- DIRECTIONS FOR THIS TASK -
Return each line exactly as written. Begin with the first line of the entries and end with the line that has "Attacks Escalate Supertankers".

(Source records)

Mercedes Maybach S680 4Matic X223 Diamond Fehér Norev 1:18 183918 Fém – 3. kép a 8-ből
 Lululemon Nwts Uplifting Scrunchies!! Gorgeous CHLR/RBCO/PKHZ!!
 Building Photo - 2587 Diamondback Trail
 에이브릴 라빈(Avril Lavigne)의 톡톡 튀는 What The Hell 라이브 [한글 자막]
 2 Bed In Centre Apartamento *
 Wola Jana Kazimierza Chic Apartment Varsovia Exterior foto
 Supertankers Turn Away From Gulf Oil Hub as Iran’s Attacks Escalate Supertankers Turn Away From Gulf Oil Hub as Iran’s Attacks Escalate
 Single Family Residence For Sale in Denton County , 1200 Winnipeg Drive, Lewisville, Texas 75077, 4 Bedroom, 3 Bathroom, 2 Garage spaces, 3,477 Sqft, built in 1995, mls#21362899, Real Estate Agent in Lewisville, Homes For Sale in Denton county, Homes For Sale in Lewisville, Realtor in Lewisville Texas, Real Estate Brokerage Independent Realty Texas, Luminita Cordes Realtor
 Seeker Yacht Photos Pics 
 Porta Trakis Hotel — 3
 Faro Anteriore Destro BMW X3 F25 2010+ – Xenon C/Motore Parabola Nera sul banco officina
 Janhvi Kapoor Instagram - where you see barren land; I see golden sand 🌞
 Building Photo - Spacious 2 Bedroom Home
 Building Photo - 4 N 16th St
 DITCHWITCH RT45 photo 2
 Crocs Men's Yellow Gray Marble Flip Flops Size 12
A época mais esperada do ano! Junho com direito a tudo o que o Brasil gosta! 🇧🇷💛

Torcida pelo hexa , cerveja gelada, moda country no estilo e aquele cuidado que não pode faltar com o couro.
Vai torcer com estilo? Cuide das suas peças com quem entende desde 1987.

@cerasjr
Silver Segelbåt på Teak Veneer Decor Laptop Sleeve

- RESULT OF THE EXERCISE -
Mercedes Maybach S680 4Matic X223 Diamond Fehér Norev 1:18 183918 Fém – 3. kép a 8-ből
 Lululemon Nwts Uplifting Scrunchies!! Gorgeous CHLR/RBCO/PKHZ!!
 Building Photo - 2587 Diamondback Trail
 에이브릴 라빈(Avril Lavigne)의 톡톡 튀는 What The Hell 라이브 [한글 자막]
 2 Bed In Centre Apartamento *
 Wola Jana Kazimierza Chic Apartment Varsovia Exterior foto
 Supertankers Turn Away From Gulf Oil Hub as Iran’s Attacks Escalate Supertankers Turn Away From Gulf Oil Hub as Iran’s Attacks Escalate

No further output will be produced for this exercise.